YOUR OBJECTIVE: Write out the listing below without alteration, omitting its pictures.

### INPUT MATERIAL

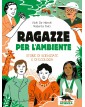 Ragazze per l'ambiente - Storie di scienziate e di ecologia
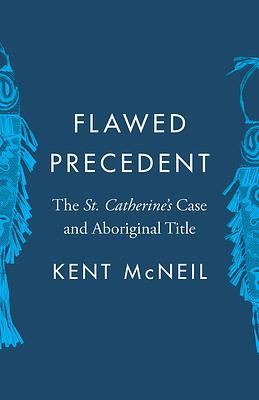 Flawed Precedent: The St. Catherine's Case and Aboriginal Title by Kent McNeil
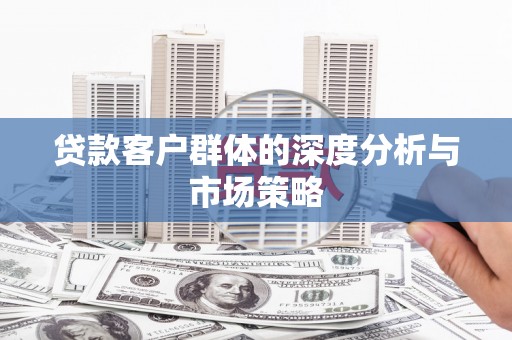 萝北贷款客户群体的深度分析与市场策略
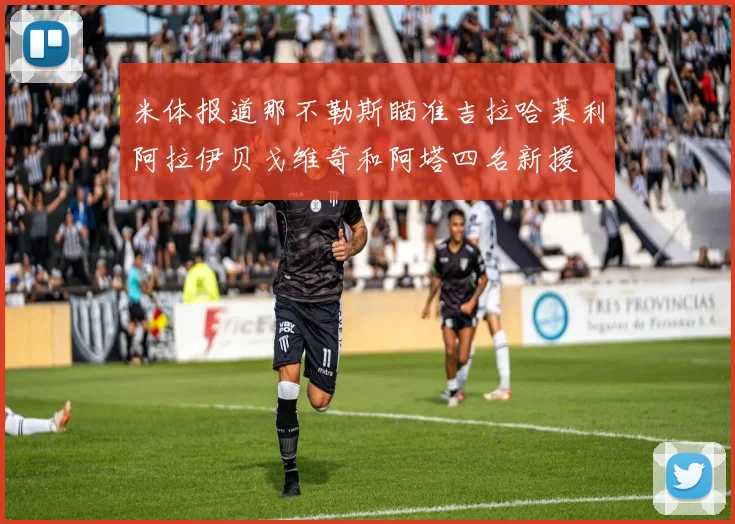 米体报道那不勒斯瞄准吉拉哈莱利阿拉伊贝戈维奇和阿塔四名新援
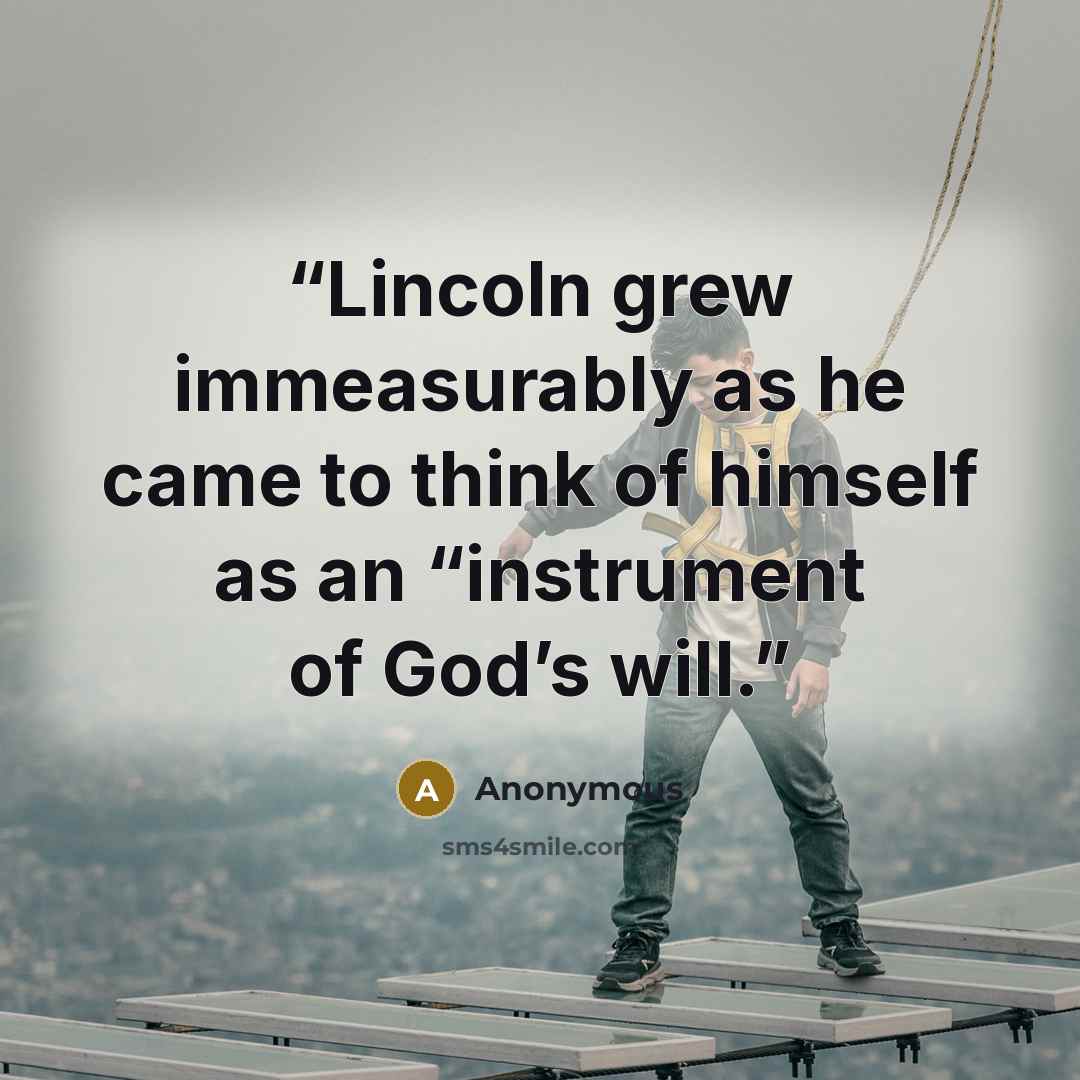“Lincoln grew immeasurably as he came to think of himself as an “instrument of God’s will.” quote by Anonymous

######

EXPECTED ANSWER:
 Ragazze per l'ambiente - Storie di scienziate e di ecologia
 Flawed Precedent: The St. Catherine's Case and Aboriginal Title by Kent McNeil
 萝北贷款客户群体的深度分析与市场策略
 米体报道那不勒斯瞄准吉拉哈莱利阿拉伊贝戈维奇和阿塔四名新援
“Lincoln grew immeasurably as he came to think of himself as an “instrument of God’s will.” quote by Anonymous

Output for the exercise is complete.